The second LNG Carrier 14 is provided with storage tanks 26 and a supporting hull structure capable of withstanding the loads imposed from intermediate filling levels while the vessel is subject to harsh, multi-directional environmental conditions. When the second LNG Carrier 14 moors alongside first LNG Carrier 12, LNG from the storage tanks 24 aboard the first LNG Carrier 12 is offloaded into the storage tanks 26 of the second LNG Carrier 14. In a preferred embodiment, the storage tanks 26 onboard the second LNG Carrier 14 are robust to sloshing of the LNG when the storage tanks 26 are partly filled or when the second LNG Carrier 14 is riding out a storm while positioned at the mooring location 18 whilst transferring natural gas to the onshore distribution facility 22. To reduce the effects of sloshing, the storage tanks 26 can be provided with a plurality of internal baffles and/or reinforced membranes, provided that the storage tanks are hydrostatically stable when partially filled with LNG. The storage tanks can also be provided with SPB type B membrane tanks to reduce the effect of sloshing. Self supporting spherical cryogenic storage tanks, for example the Moss type, are not considered to be suitable for the storage tanks 26 of the second LNG Carrier 14 as they reduce the deck area available to position the regasification facility on the deck of the second LNG Carrier 14. Offloading of LNG from the first LNG Carrier 12 to the second LNG Carrier 14 can be achieved using any of the offloading methods well established in the industry. For example, U.S. Pat. No. 6,637,479 describes a system for offshore transfer of liquefied natural gas between two vessels. The system comprises a coupling head mounted at one end of a flexible pipe means and arranged for attachment on a platform at one end of one vessel when it is not in use, and a connection unit mounted at one end of the other vessel and comprising a pull-in funnel shaped for guided pull-in of the coupling head to a locking position in which the pipe means can be connected to transfer pipes on the other vessel via a valve means arranged in the coupling head. The coupling head is provided with a guide means and is connected to at least one pull-in wire for guided pull-in of the coupling head into the connection unit by a winch means on the other vessel.
In one embodiment of the present invention, offloading or “lightering” occurs whilst the first and second LNG Carriers 12 and 14 respectively are moored together and are travelling side by side, either underway or drifting. A key advantage of lightering is that it removes the differential movement that otherwise occurs when two vessels are moored side-by-side at sea. When lightering is used, it is advantageous for the storage tanks 24 on the first LNG Carrier 12 to also be robust to sloshing to better withstand the forces generated as the level of LNG in the first LNG Carrier 12 is reduced during offloading.
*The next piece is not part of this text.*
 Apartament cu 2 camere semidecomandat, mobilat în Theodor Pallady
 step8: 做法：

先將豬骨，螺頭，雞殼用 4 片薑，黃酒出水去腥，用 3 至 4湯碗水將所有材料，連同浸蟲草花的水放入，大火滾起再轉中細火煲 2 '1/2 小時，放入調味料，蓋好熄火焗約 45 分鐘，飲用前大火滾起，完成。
The second LNG Carrier 14 is provided with fendering equipment 60 as well as optional mooring facilities to facilitate side-to-side offloading with the first LNG Carrier 12. The fendering equipment protects the first and second Carriers from damage during side-by-side loading and is of a similar type to that provided at a berth at a conventional import terminal, the difference being that the fendering equipment 60 is disposed on one side of the second LNG Carrier 12. Ballasting devices (not shown) can be used to ensure that the freeboard of the second LNG Carrier 14 is maintained substantially the same as that of the LNG carrier during offloading operations if desired.
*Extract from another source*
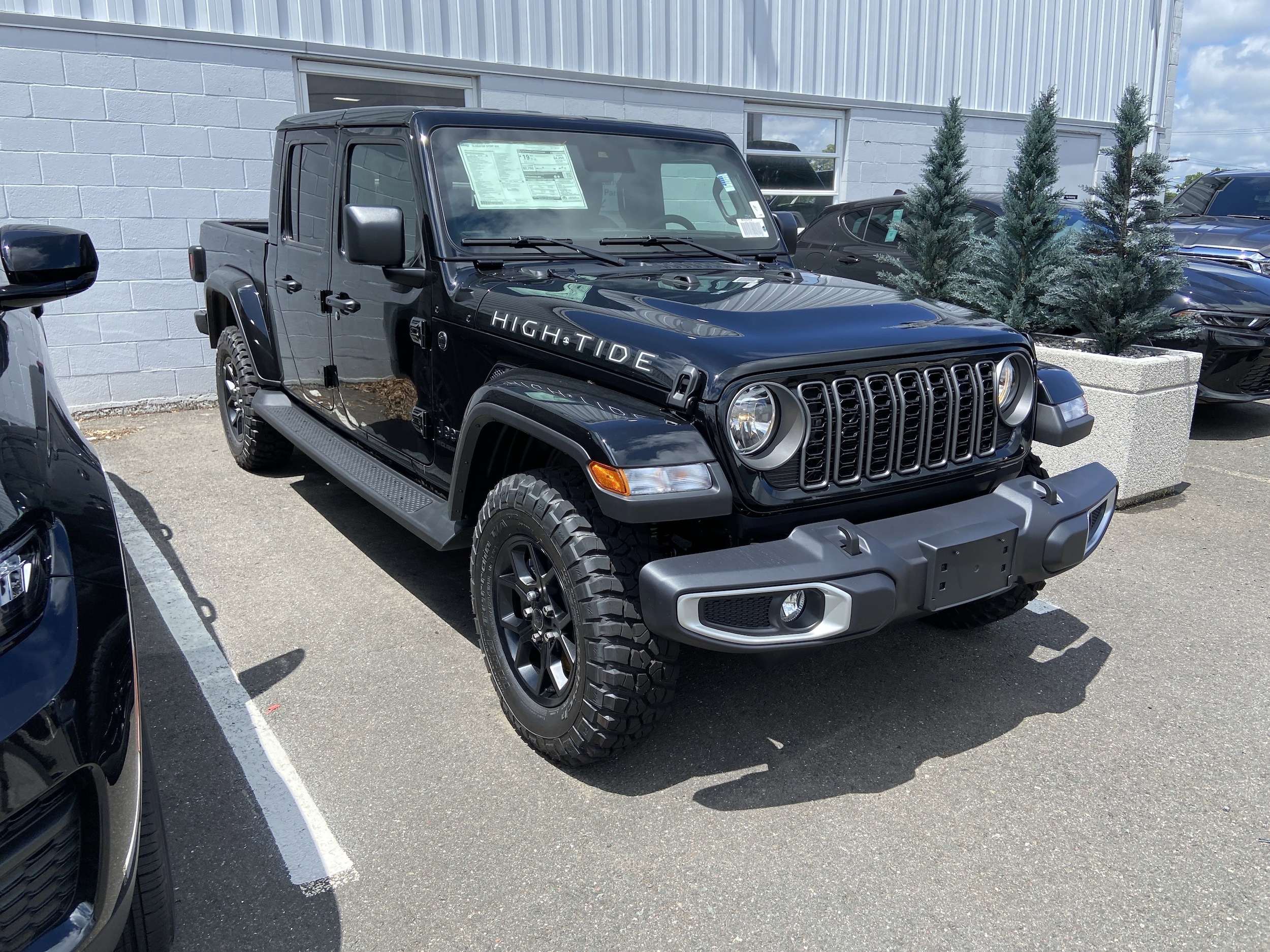 2025 Jeep Gladiator Pickup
The holding capacity of the storage tanks 26 onboard the second LNG Carrier 14 may be the same or similar to the holding capacity of the storage tanks 24 aboard the first LNG Carrier 12, so that the entire payload of LNG onboard the first LNG Carrier 12 can be transferred to the second LNG Carrier 14. It is equally possible for the holding capacity of the storage tanks 26 onboard the second LNG Carrier 14 to be less than the holding capacity of the storage tanks 24 aboard the first LNG Carrier 12. In this scenario, the first LNG Carrier 12 may need to offload its payload to more than one second LNG Carrier 14 before returning to export terminal for reloading or remain at the offshore offloading location 16 until the second LNG Carrier 14 returns for a second load.
The method of the present invention provides significant cycle time advantages over prior art methods of onboard regasification which rely on regasification facilities being provided on the LNG Carrier that delivers the LNG from the export terminal to the import terminal. Such modified prior art LNG Carriers are obliged to remain at the delivery location until the cargo of LNG has been regasified which results in significant delays in returning to its export terminal for reloading. Moreover, the time spent at the delivery location can be dependent on the rate of consumption of the gas. This problem is overcome using the methods of the present invention.
When offloading of the LNG from the first LNG Carrier 12 to the second LNG Carrier 14 is completed, the second LNG Carrier 14 travels under its own power from the offloading location 16 to a mooring location (generally designated by the reference numeral 18) that is closer to the shore 20 than the offloading location 16. The second LNG Carrier 14 can be a modified ocean-going LNG Carrier or a custom built vessel. In one embodiment of the present invention, the second LNG Carrier 14 is not required to perform ocean-going duty but is only required to sail under its own power from the offshore offloading location to the mooring location in normal operation. Thus the main propulsion system of the second LNG Carrier 14 has a modified and reduced duty compared with the main propulsion system of the ocean-going first LNG Carrier 12.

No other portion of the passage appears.